*** Opening SOURCE DATA ***

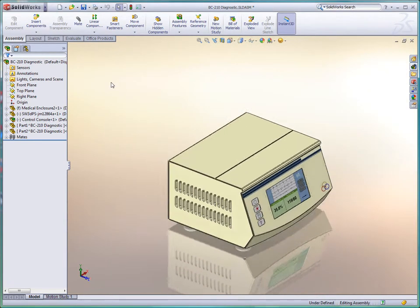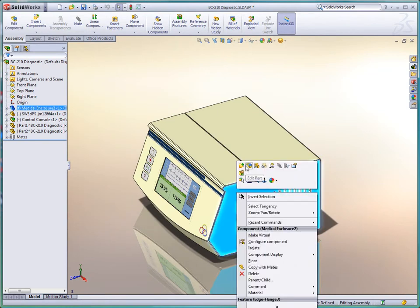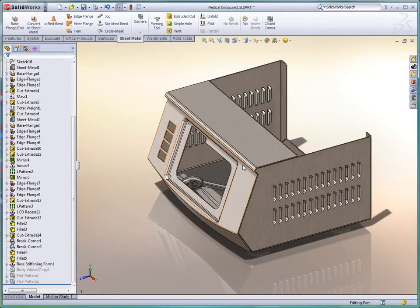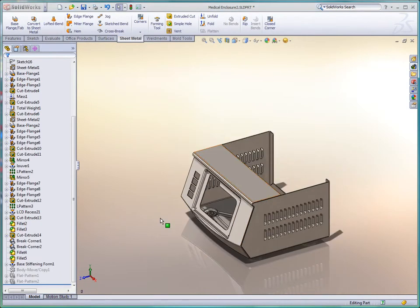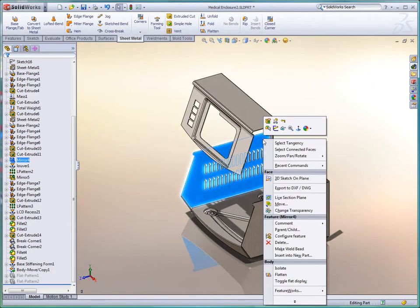A plain looking box is no longer acceptable. Enclosures must be aesthetically pleasing. SOLIDWORKS provides a wide variety of tools to choose from, including plastic design tool sets, or in this case, advanced sheet metal capabilities.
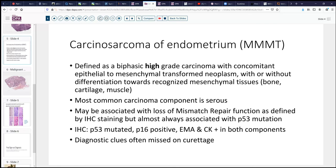Both components may also express epithelial markers either in the form of EMA or pancytokeratin. Sometimes superficial biopsies can either miss the sarcomatoid component or the diagnostic clues may be missed.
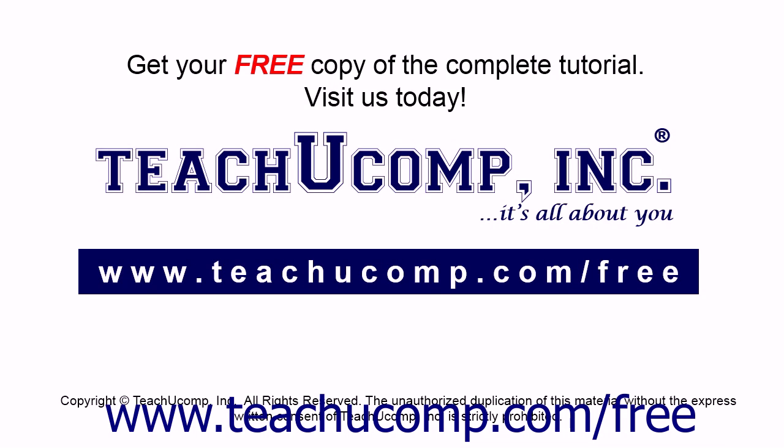Get your free copy of the complete tutorial at www.teachucomp.com forward slash free.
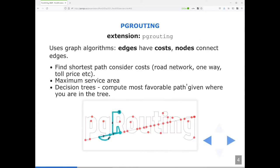The first extension I'd like to talk about is PG Routing. What it really is is a package of Postgres functions that implement graph algorithms and help you analyze graphs. The fundamental building blocks of PG Routing are edges, nodes, and costs. PG Routing helps you solve constraint-based problems like navigating road networks, or even things you don't consider as visual, like decision trees, which can be represented as graphs.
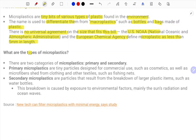What are the types of microplastics generally present? There are two categories: primary and secondary. Primary microplastics are tinier particles designed for commercial use, such as cosmetics, as well as microfibers shed from clothing and other textiles such as fishing nets.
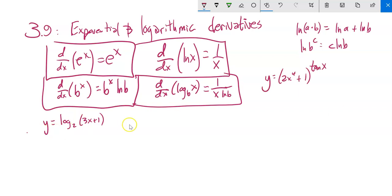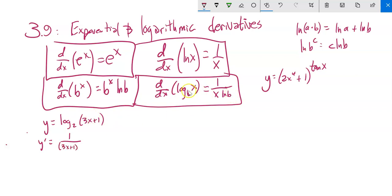Let's find the derivative of y = log base 2 of (3x + 1). Using the log base b derivative formula: 1 over the input times natural log of the base. So 1/((3x+1)·ln(2)). Then chain rule: take the derivative of 3x+1, which is 3. So dy/dx = 3/((3x+1)·ln(2)).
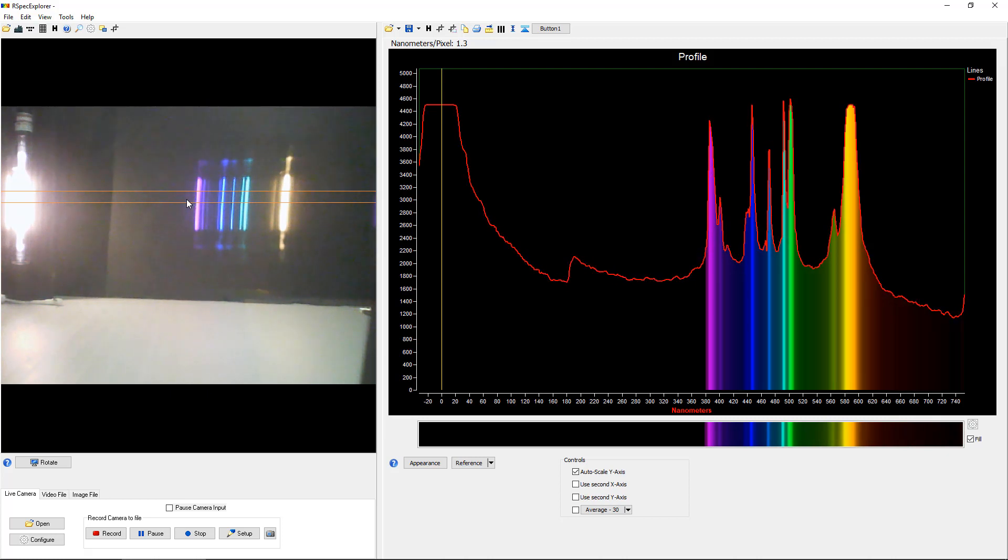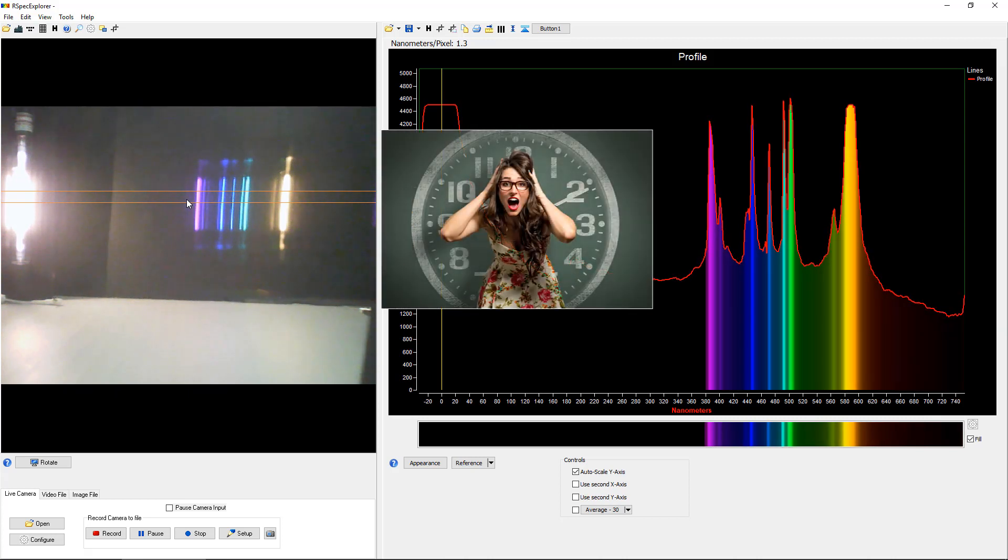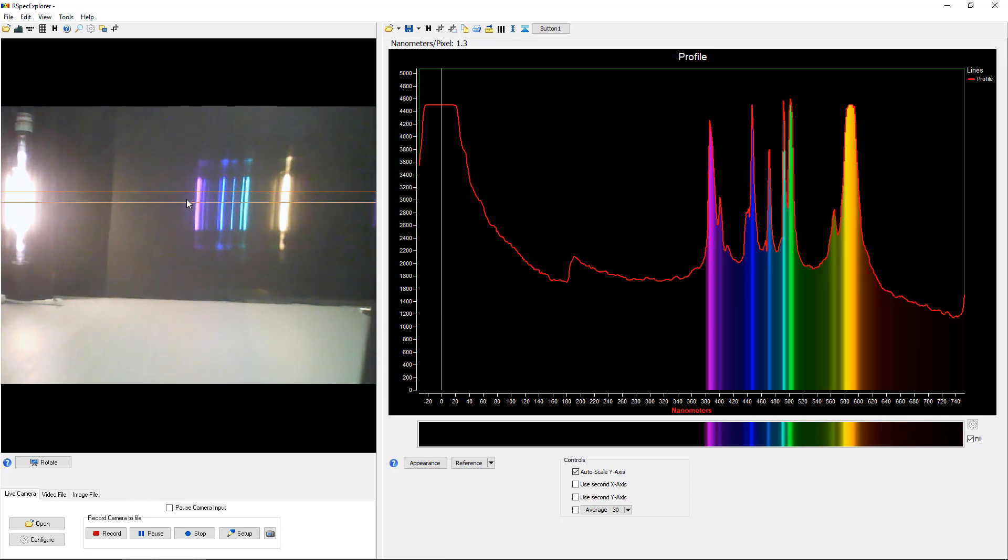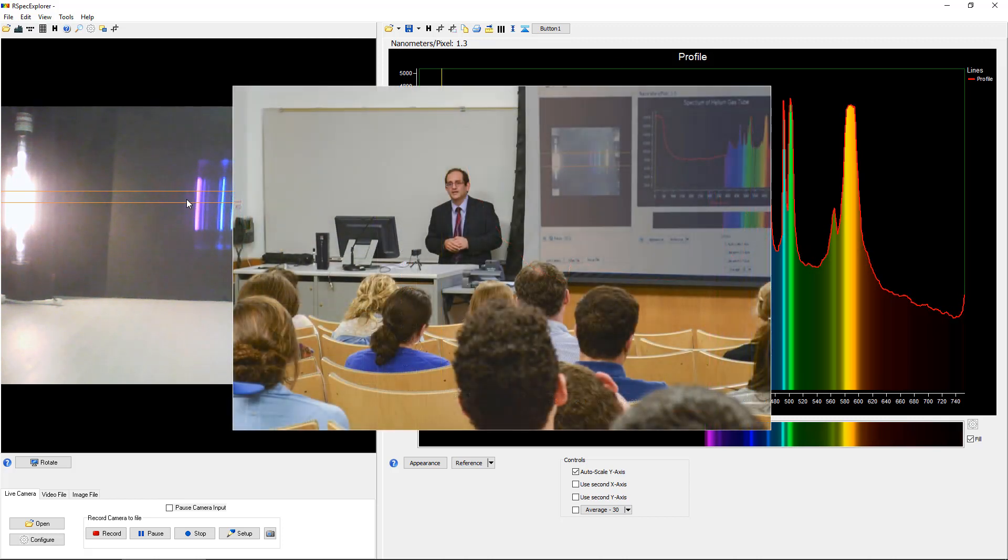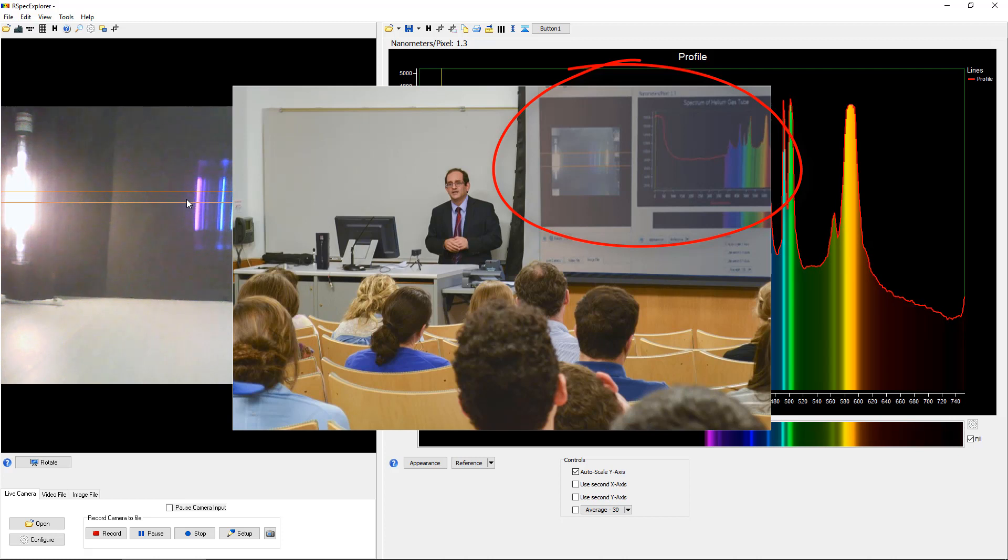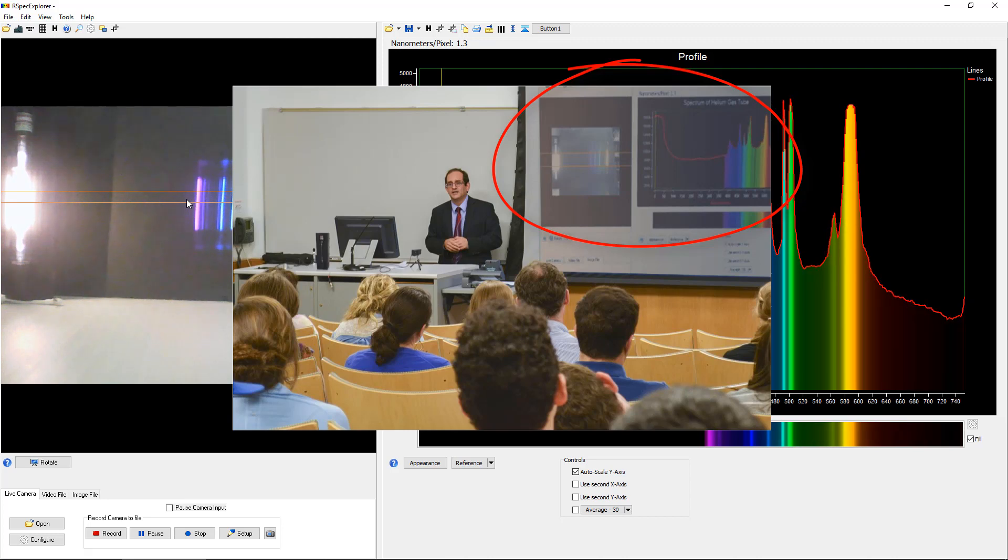In fact, we were at a conference recently and a teacher said to us, where were you last month? I spent 20 or 25 minutes of my class just trying to get everybody to see what you're showing here in just a few seconds. With RSpec Explorer projected on your classroom screen like we're seeing here, everyone sees the same thing at the same time. There is no dependence on finicky and hard to use handheld spectrometers. And best of all, spectroscopy is no longer a private viewing experience. You and your students share the same view and can even take measurements together directly from the screen.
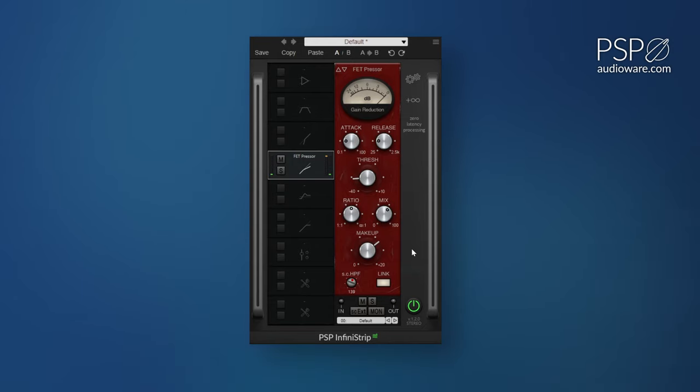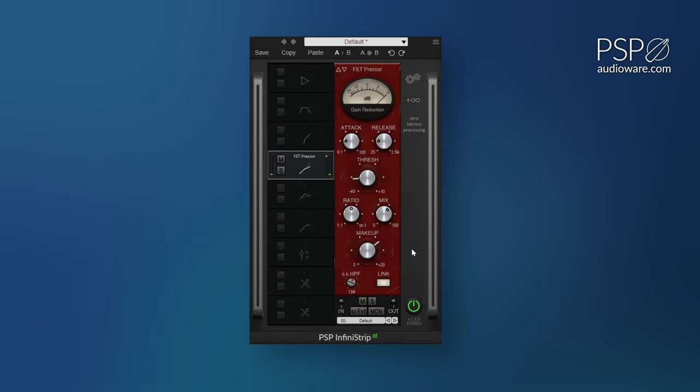If you want to quickly check what compressor works best for your mix as well, you can easily swap out the modules with all of the parameters matched automatically to check the different characters and tone of each compressor type.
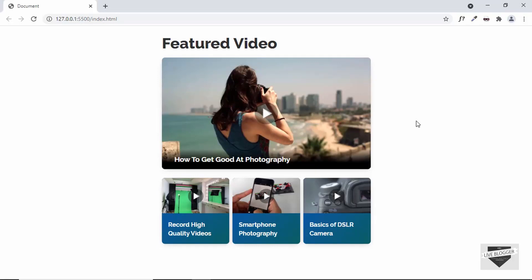Hi everybody, welcome to Live Blogger. In this video I'll show you how to add the functionality of playing and stopping videos in this video gallery. This is a video gallery that I showed you how to design in the previous part of the video, and this is how it looks right now.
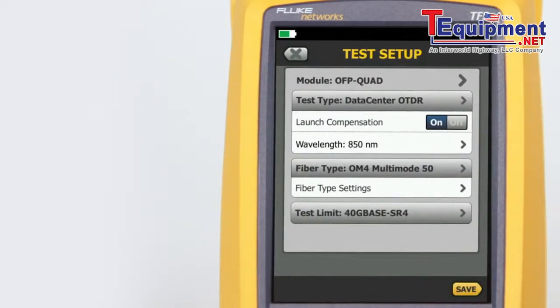Note that the Data Center OTDR defaults to only 850 nanometers for multi-mode fiber and 1310 nanometers for single-mode fiber. These are the wavelengths typically used in data centers.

*** Closing SOURCE DATA ***

GOAL OF THE EXERCISE
Exact duplicates of all the entries are required, and no image may appear in them.

RESULT OF THE EXERCISE
A plain looking box is no longer acceptable. Enclosures must be aesthetically pleasing. SOLIDWORKS provides a wide variety of tools to choose from, including plastic design tool sets, or in this case, advanced sheet metal capabilities.
Both components may also express epithelial markers either in the form of EMA or pancytokeratin. Sometimes superficial biopsies can either miss the sarcomatoid component or the diagnostic clues may be missed.
Get your free copy of the complete tutorial at www.teachucomp.com forward slash free.
The first extension I'd like to talk about is PG Routing. What it really is is a package of Postgres functions that implement graph algorithms and help you analyze graphs. The fundamental building blocks of PG Routing are edges, nodes, and costs. PG Routing helps you solve constraint-based problems like navigating road networks, or even things you don't consider as visual, like decision trees, which can be represented as graphs.
What are the types of microplastics generally present? There are two categories: primary and secondary. Primary microplastics are tinier particles designed for commercial use, such as cosmetics, as well as microfibers shed from clothing and other textiles such as fishing nets.
Let's find the derivative of y = log base 2 of (3x + 1). Using the log base b derivative formula: 1 over the input times natural log of the base. So 1/((3x+1)·ln(2)). Then chain rule: take the derivative of 3x+1, which is 3. So dy/dx = 3/((3x+1)·ln(2)).
In fact, we were at a conference recently and a teacher said to us, where were you last month? I spent 20 or 25 minutes of my class just trying to get everybody to see what you're showing here in just a few seconds. With RSpec Explorer projected on your classroom screen like we're seeing here, everyone sees the same thing at the same time. There is no dependence on finicky and hard to use handheld spectrometers. And best of all, spectroscopy is no longer a private viewing experience. You and your students share the same view and can even take measurements together directly from the screen.
If you want to quickly check what compressor works best for your mix as well, you can easily swap out the modules with all of the parameters matched automatically to check the different characters and tone of each compressor type.
Hi everybody, welcome to Live Blogger. In this video I'll show you how to add the functionality of playing and stopping videos in this video gallery. This is a video gallery that I showed you how to design in the previous part of the video, and this is how it looks right now.
Note that the Data Center OTDR defaults to only 850 nanometers for multi-mode fiber and 1310 nanometers for single-mode fiber. These are the wavelengths typically used in data centers.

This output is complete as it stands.